Uznawany za faworyta konkursu, Austriak Stefan Kraft po problemach w locie wylądował na 126 metrze i na półmetku rywalizacji był dwudziesty szósty.

W finale Jernej Damjan nie zdołał wydrzeć sobie wygranej w konkursie w Ruce. Słoweniec poszybował na 142 metr i odniósł drugie w karierze zwycięstwo w zawodach Pucharu Świata. Drugie miejsce zajął szósty na półmetku Johann Andre Forfang. Norweg wylądował na 142 metrze i stracił do lidera 2,8 punktu. Na najniższym stopniu podium stanął Andreas Wellinger (140 m), który wyprzedził Daniela Andre Tande (138,5 m), Markusa Eisenbichlera (139,5 m), Richarda Freitaga (138,5 m) i Roberta Johanssona (135,5 m).

Najlepszym Polakiem dnia został Dawid Kubacki, który po skoku na odległość 135 m ostatecznie zajął ósme miejsce. W pierwszej dziesiątce konkursu znaleźli się również Stephan Leyhe (135,5 m) i Junshiro Kobayashi (134,5 m). Jedenasty był Piotr Żyła (134 m).

Fenomenalny lot w serii finałowej oddał Stefan Kraft. Reprezentant Austrii z wynikiem 145 metrów awansował z 26. na trzynastą pozycję.

Szesnaste miejsce w konkursie zajął Maciej Kot (135 m).
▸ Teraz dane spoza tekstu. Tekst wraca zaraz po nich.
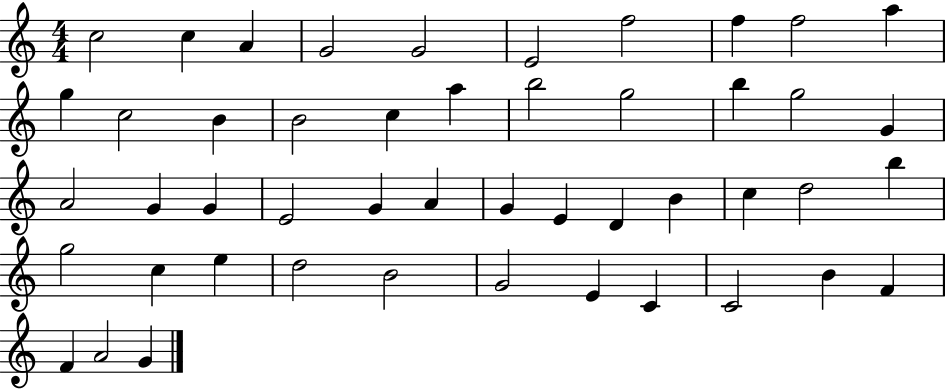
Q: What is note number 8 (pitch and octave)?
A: F5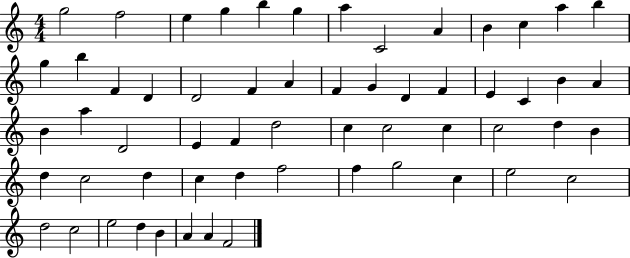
X:1
T:Untitled
M:4/4
L:1/4
K:C
g2 f2 e g b g a C2 A B c a b g b F D D2 F A F G D F E C B A B a D2 E F d2 c c2 c c2 d B d c2 d c d f2 f g2 c e2 c2 d2 c2 e2 d B A A F2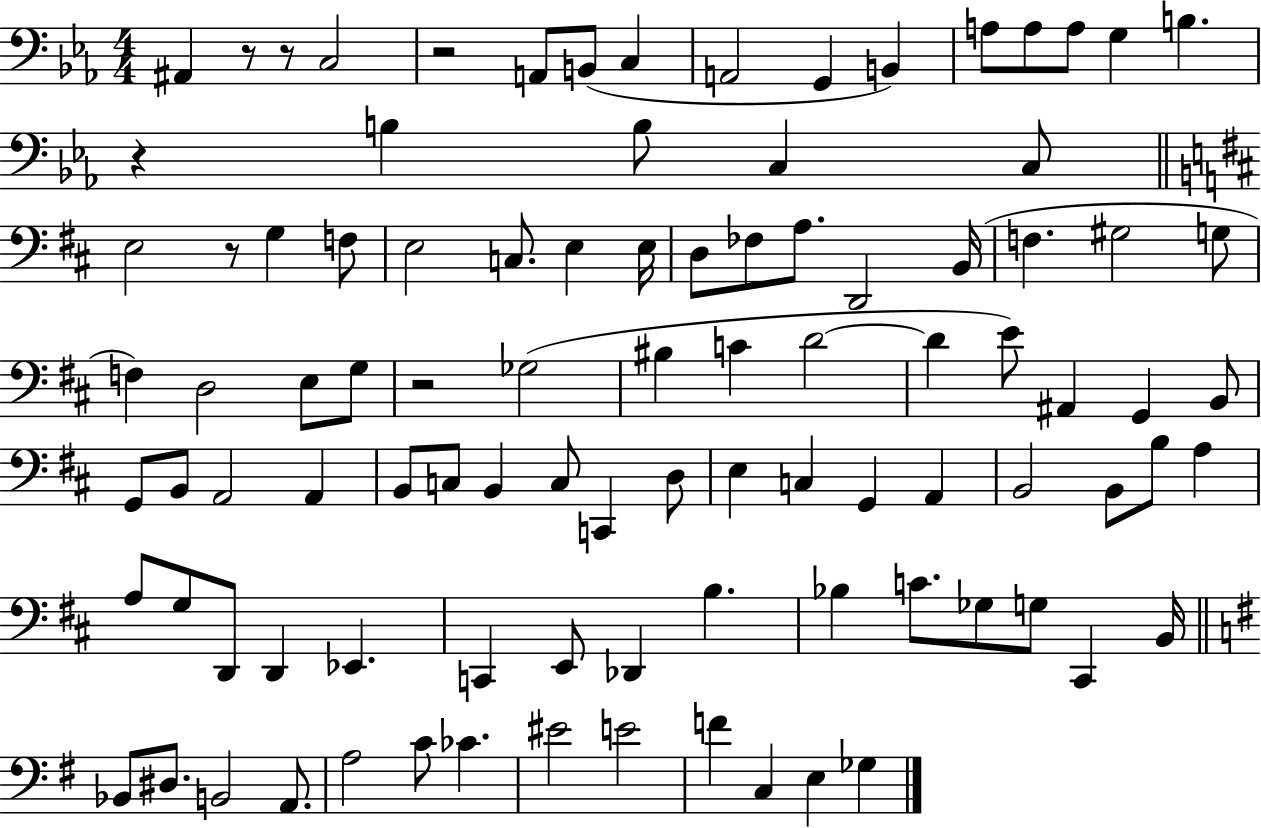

Awans na dwudziestą i dwudziestą pierwszą pozycję odnotowali odpowiednio Kamil Stoch (138 m) i Stefan Hula (137,5 m). Na trzydziestej lokacie pozostał Jakub Wolny (114 m).

Obie serie konkursowe przeprowadzono z 9. belki startowej.

Na czele klasyfikacji Pucharu Świata pozostał Junshiro Kobayashi (126 pkt.). Japończyk ma 26 punktów przewagi nad drugim Jernejem Damjanem (100 pkt.). Trzeci jest Daniel Andre Tande (95 pkt.), czwarty Johann Andre Forfang (93 pkt.), zaś piąty - Kamil Stoch (91 pkt.). Dziesiąte miejsce zajmuje Piotr Żyła (60 pkt.), jedenaste Dawid Kubacki (58 pkt.), natomiast czternaste - Stefan Hula (46 pkt.).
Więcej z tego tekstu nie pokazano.